#### EXERCISE INPUT:
****************************************
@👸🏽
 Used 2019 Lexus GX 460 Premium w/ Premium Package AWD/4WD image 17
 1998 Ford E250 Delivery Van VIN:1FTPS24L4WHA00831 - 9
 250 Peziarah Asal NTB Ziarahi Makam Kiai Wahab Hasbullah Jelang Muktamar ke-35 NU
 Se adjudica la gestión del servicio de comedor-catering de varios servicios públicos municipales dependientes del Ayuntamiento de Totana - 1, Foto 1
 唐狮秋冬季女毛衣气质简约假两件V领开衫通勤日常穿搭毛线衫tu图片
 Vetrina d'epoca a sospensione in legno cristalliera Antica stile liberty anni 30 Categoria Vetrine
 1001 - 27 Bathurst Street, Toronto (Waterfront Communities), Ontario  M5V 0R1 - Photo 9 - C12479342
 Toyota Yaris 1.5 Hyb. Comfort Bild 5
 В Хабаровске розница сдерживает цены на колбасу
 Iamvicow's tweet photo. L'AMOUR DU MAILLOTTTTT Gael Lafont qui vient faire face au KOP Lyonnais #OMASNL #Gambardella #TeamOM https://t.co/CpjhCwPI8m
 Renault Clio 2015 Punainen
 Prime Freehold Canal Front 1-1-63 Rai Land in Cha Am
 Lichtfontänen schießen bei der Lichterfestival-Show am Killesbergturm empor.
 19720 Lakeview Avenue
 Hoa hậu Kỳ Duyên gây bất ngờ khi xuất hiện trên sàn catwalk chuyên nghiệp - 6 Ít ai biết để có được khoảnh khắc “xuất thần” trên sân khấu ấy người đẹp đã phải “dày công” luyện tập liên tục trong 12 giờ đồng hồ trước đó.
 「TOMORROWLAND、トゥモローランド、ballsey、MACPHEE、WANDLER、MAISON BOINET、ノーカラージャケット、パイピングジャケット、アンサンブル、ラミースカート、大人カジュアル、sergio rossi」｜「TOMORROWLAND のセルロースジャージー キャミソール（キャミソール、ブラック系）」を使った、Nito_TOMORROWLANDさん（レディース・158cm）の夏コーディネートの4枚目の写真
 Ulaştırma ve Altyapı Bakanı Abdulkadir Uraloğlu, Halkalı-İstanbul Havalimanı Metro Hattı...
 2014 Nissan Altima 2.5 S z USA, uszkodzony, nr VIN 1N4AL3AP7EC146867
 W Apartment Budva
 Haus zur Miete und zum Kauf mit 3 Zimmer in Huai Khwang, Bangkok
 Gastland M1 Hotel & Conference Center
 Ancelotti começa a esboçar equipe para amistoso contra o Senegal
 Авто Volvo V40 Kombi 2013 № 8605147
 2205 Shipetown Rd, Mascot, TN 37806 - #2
****************************************
#### EXERCISE BRIEF:
When you reach the line containing "Ulaştırma ve Altyapı" in the data above, start copying exactly, and stop after the line containing "Gastland M1 Hotel & Conference Center".

#### SOLUTION FOR THIS TASK:
 Ulaştırma ve Altyapı Bakanı Abdulkadir Uraloğlu, Halkalı-İstanbul Havalimanı Metro Hattı...
 2014 Nissan Altima 2.5 S z USA, uszkodzony, nr VIN 1N4AL3AP7EC146867
 W Apartment Budva
 Haus zur Miete und zum Kauf mit 3 Zimmer in Huai Khwang, Bangkok
 Gastland M1 Hotel & Conference Center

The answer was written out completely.